How to tune clBLAS GEMM - tingxingdong/clBLAS-private GitHub Wiki
After you build clBLAS.so successfully. You may want to re-tune the clBLAS library/kernels on a new hardware, like AMD's Navi card.
Step 1:
cd ~/clBLAS/src/library/blas/AutoGemm/AutoGemmTools
vim ProfileAutoGemm.cpp
read, edit whatever you want like datatype, matrix size, etc
Step 2:
cd ~/clBLAS_BUILD/
make AutoGemm_Tools_Profile
Step 3:
cd ./library
./AutoGemm_Tools_Profile
bench-marking, after a while
You will see *.csv and *.txt file generated at current folder. where *.txt is a summary of optimal kernel configurations. Trim & merge & simplify this table in *.txt
Step 4:
cd ~/clBLAS/src/library/blas/AutoGemm/
vim AutoGemmParameters.py
, you will see two big tables ending with Hawaii, Fiji. Add the table you edited in last step. You can pick a name ending with Navi like what you see with Hawaii, Fiji.

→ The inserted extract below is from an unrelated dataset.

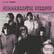 LSP-3766 STEREO
SURREALISTIC PILLOW
JEFFERSON AIRPLANE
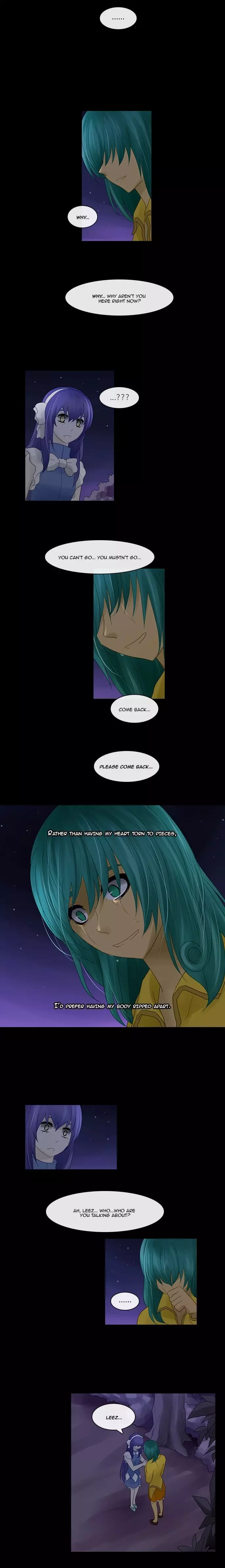 Kubera - 237 page p_00006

Enable you added table in the code to make sure it is called.
Notice, change a table looking like from
[ 400, [ 32, 32], [ [ 64, 64], [ 48, 48], [ 80, 80] ] ],
To
[ 400, [ 16, 16, 2, 2], [ [ 16, 16, 4, 4], [ 16, 16, 3, 3], [ 16, 16, 5, 5] ] ],
Step 5:
python AutoGemm.py -h
Edit AutoGemm.py, add "Navi" beside "Fiji"
python AutoGemm.py --opencl-compiler-version 1.2 --architecture Navi
new kernels tuned for Navi will be added to AutoGemm
Step 6:
rebuild clBLAS.so again, and you are done. Optimal setting for Navi should be set up.
Step 7 (optional):
If you want to add Navi as an cmake option, like Fiji, Hawaii. cd ~/clBLAS & grep -r Fiji *
and add Navi wherever Fiji appeared.